J'avais dit aux miens que je ne serais pas absent très longtemps. Cependant, la présence de ces inconnus calmait mes réserves, comme s'il m'avait été donnée la certitude que rien de fâcheux ne se produirait à cause de ce qu'ils m'avaient demandé. C'est ainsi que j'acceptai leur demande.
Nous fîmes ainsi le tour de la cité en suivant les murailles. Les deux inconnus ne parlaient guère, même entre eux. Ils se contentaient de regarder autour d'eux avec attention, s'arrêtant parfois pour détailler quelque chose, une tapisserie, les briques orange d'un mur, la porte ouverte d'une maison. De mon côté, je n'osais pas leur adresser la parole. Ils avaient pour tout dire un visage certes avenant, mais dont l'expression était par nombre d'aspect trop subtile pour moi. Il me semblait qu'ils étaient en recherche de quelque chose ou de quelqu'un, leurs yeux sombres aux aguets, leurs traits de visage exprimant quelque chose comme de l'espoir. Ils m'impressionnaient, et je me faisais la réflexion que c'était bien la première fois que je rencontrais des gens de leur acabit.

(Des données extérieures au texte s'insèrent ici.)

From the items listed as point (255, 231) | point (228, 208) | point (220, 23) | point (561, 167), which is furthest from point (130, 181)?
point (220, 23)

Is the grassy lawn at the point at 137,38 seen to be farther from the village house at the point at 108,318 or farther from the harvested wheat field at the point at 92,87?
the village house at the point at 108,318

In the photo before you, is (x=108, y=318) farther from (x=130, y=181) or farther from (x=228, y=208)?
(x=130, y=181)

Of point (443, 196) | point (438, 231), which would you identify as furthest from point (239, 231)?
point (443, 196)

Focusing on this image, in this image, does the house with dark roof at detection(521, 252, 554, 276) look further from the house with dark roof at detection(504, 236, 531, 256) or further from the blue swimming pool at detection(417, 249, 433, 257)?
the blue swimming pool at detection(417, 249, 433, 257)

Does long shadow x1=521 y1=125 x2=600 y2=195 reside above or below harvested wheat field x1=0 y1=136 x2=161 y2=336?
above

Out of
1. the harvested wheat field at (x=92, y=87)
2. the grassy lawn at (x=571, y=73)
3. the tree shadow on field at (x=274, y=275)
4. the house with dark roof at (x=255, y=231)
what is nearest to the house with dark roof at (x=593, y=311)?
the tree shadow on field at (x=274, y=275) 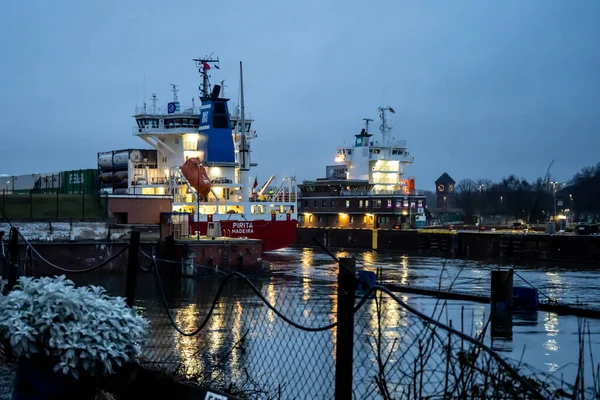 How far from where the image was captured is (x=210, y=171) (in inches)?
1986

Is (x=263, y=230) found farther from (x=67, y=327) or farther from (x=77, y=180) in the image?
(x=67, y=327)

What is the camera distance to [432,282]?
31.6 m

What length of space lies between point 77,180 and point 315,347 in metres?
49.5

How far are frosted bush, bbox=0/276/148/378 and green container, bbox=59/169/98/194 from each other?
4891 cm

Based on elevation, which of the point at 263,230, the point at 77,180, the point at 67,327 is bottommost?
the point at 67,327

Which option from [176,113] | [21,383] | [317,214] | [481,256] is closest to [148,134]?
[176,113]

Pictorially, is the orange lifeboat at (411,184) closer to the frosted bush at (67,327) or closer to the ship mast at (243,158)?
the ship mast at (243,158)

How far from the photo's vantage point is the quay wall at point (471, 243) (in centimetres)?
4919

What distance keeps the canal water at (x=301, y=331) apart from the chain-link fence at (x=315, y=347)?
0.05 metres

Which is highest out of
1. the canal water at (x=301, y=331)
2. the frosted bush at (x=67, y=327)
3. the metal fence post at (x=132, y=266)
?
the metal fence post at (x=132, y=266)

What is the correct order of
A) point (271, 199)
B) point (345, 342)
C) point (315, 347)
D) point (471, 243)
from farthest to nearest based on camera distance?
point (471, 243), point (271, 199), point (315, 347), point (345, 342)

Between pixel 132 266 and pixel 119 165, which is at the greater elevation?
pixel 119 165

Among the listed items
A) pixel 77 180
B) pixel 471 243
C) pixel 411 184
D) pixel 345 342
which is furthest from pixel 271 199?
pixel 345 342

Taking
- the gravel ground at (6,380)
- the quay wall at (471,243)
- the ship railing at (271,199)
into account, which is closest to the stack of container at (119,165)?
the ship railing at (271,199)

Une fois le tour des murailles terminé, ils se tournèrent vers moi et me demandèrent de les emmener au cœur même de la cité. Ce à quoi j’obtempérai sans trop y réfléchir. Nous remontâmes alors l'avenue centrale et finîmes par arriver sur la place centrale où se dressaient les palais des princes, les banques ainsi que les très nombreux temples de sorcellerie d'où s'élevaient continuellement d'étranges fumées, sons et odeurs. La foule bigarrée et bruyante nous entourait de partout, noyant chaque détail sous un déluge de mouvement coloré et d'odeurs humaines. C'est là que les deux étrangers firent rapidement un tour complet sur eux-mêmes avant de se dévisager quelques secondes et se tourner vers moi.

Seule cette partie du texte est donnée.